Key words: Cancer prevention, Organized screening program, Vaccine

The global burden of cancer

Cancer imposes a heavy societal burden worldwide, in terms of both epidemiology and costs [1, 2]. Despite striking advances in the field of molecular oncology, combating cancer remains a challenge. The introduction of more sophisticated imaging and diagnostic techniques and advanced drugs that specifically target tumor cells (so-called individualized drug therapy) is driving up the costs of treatment [2, 3]. As a consequence, the benefit of these achievements may be scarcely affordable and the costs could dramatically impact on healthcare systems [2, 3]. Despite its alleged advantages, the implementation of genomics in routine clinical practice remains far from cost-effective [3].

As Vineis and Wild maintain [1], prevention, and specifically primary prevention, is a particularly effective way to address the challenging issue of cancer.

Primary and secondary prevention offers several advantages:

  1. As such programs are population-based, they could benefit people other than those directly targeted [1].

  2. As cancer has a long latency period, its causes and risk factors could be eliminated or reduced in the long term, thus yielding a broader impact on Public Health.

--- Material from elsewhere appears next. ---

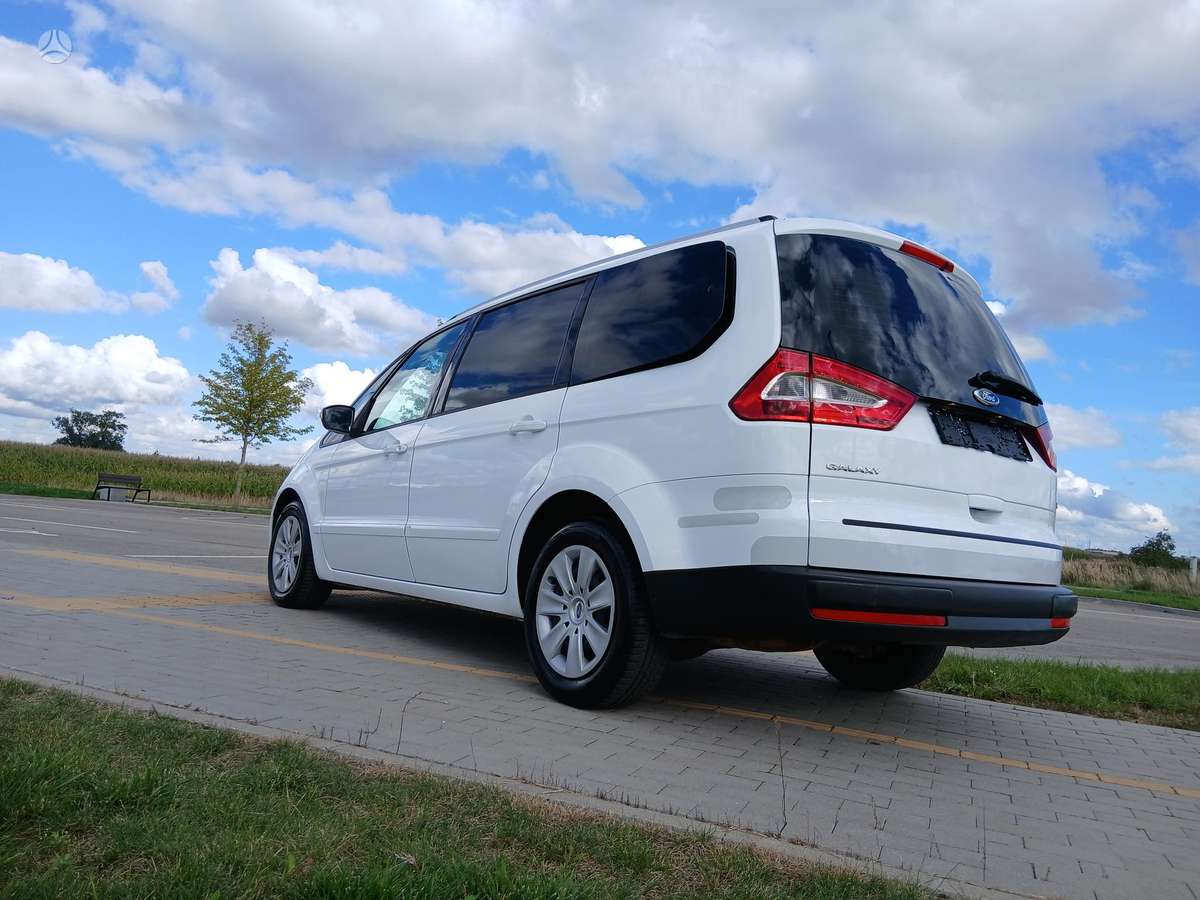 Ford Galaxy 2013 — rear view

Interventions are not limited to surgical or pharmacological treatments, but include a variety of programs and measures aimed at correcting unhealthy lifestyles and favouring continuous transformation, for example through regulation against occupational or environmental exposure to certain substances. By empowering and educating people, promoting healthy behaviors and teaching self care, a virtuous cycle can be set in motion, meaning that these preventive efforts do not need to be renewed with every generation. This is important in periods of economic and financial hardship, when public resources are scarce [1]. Moreover, some regulatory measures could help to prevent various types of cancer and other pathologies; for example, cigarette smoking, besides being associated with lung cancer, could lead to an increased risk of developing breast cancer [4], prostate cancer [5], lymphoma [6] and other diseases [7]. In addition, avoiding exposure to carcinogenic substances may contribute to preventing other non-communicable diseases (NCDs), such as cardiovascular, reproductive, endocrine and dysmetabolic pathologies [1]. In conclusion, a single public health measure would have multiple, enduring "cascade effects" which a single clinical intervention would not have.

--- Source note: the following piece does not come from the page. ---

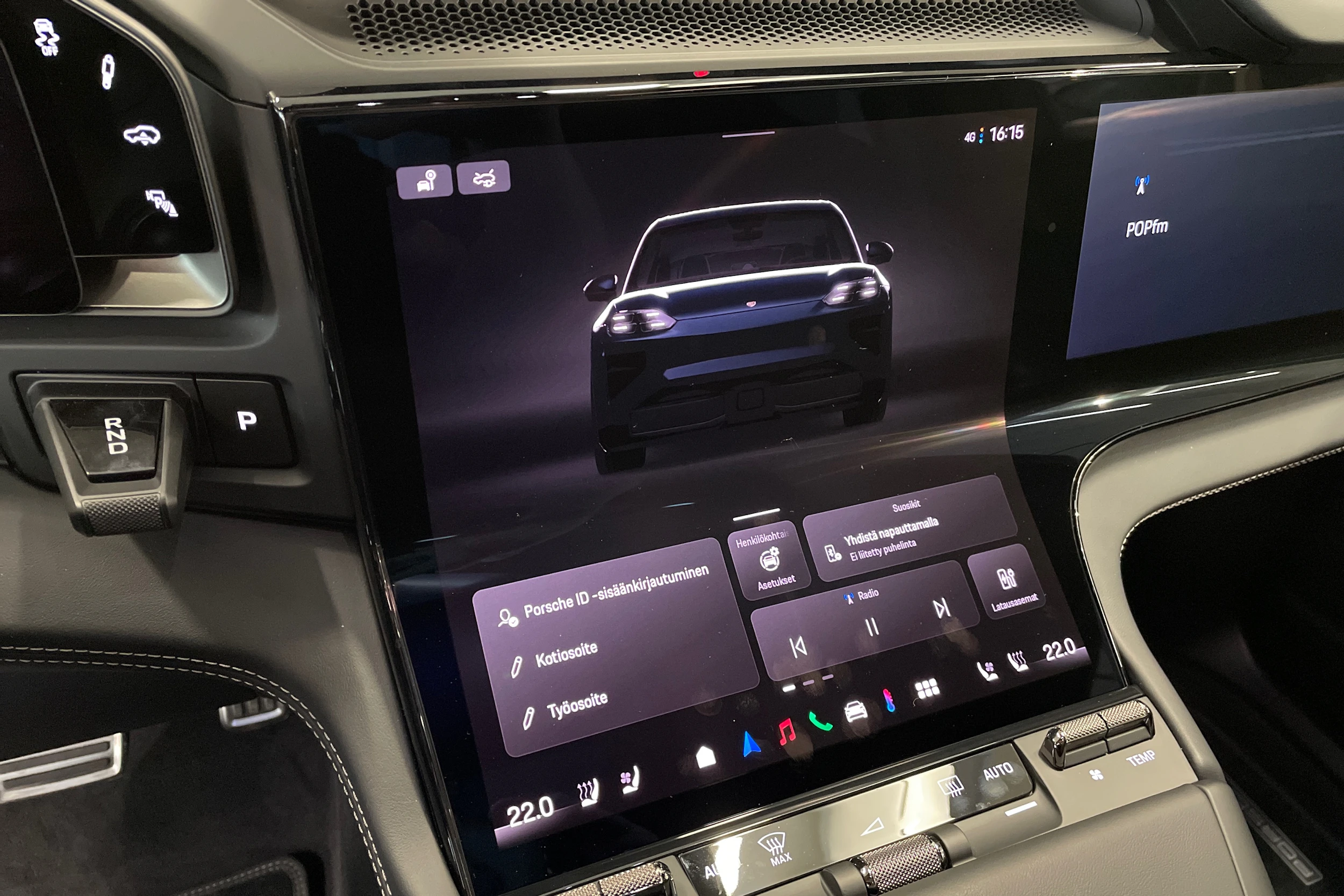 met. sininen Porsche Cayenne 2026 kuva 13.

  3. Prevention is cost-effective and can impact positively on socio-economic inequalities [8-12]. Since up to half of cancers could be prevented on the basis of present knowledge of etiopathogenesis and risk factors [1], preventive medicine can act as a rapid and effective means of connecting research with clinical practice [13].

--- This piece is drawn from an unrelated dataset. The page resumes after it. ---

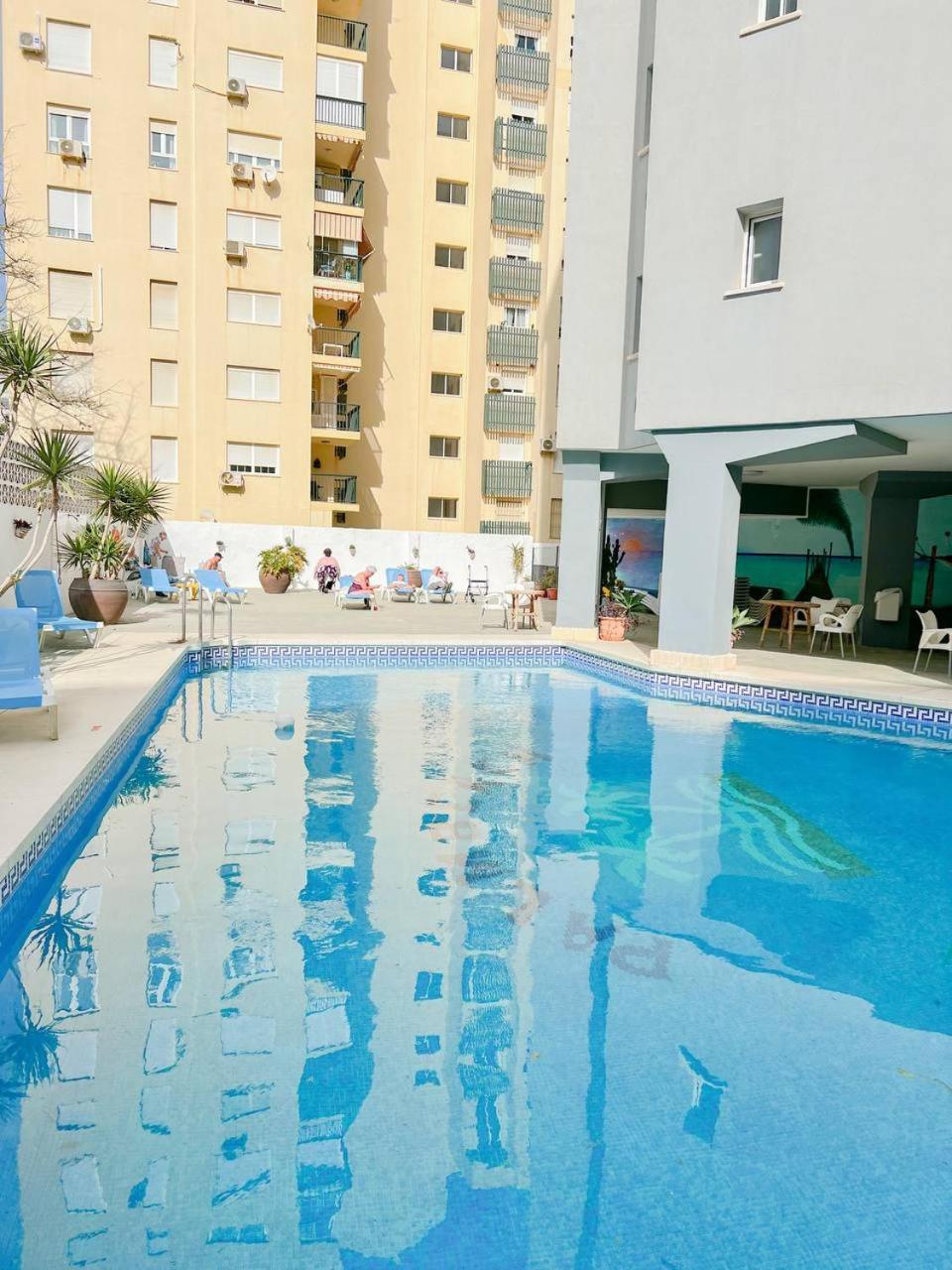 Palm Beach Aparment Sea Views Torremolinos Exterior photo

Primary and secondary prevention should therefore be regarded as a priority for global cancer control [1, 14].

Oncology in the framework of P4 medicine

In recent decades, oncology has shifted from being merely reactive and has adopted a proactive model within the framework of so-called "P4 medicine" [15, 16], where the 4 Ps stand for predictive, preventive, personalized and participatory. Advances in the field of molecular biology, high-throughput technologies (HTTs) and "omics" sciences, as well as in imaging techniques and mathematical and computational modelling, have led to the discovery of biomarkers which can be used to predict the onset, course and prognosis of tumors; this enables diagnosis, treatment and prevention to be correlated within a highly integrated, coherent framework. Rather than being "one-size-fits-all", P4 medicine is individually tailored to the specific needs of the patient. Screening and prevention play a major role in an approach that is gradually shifting from disease to wellness.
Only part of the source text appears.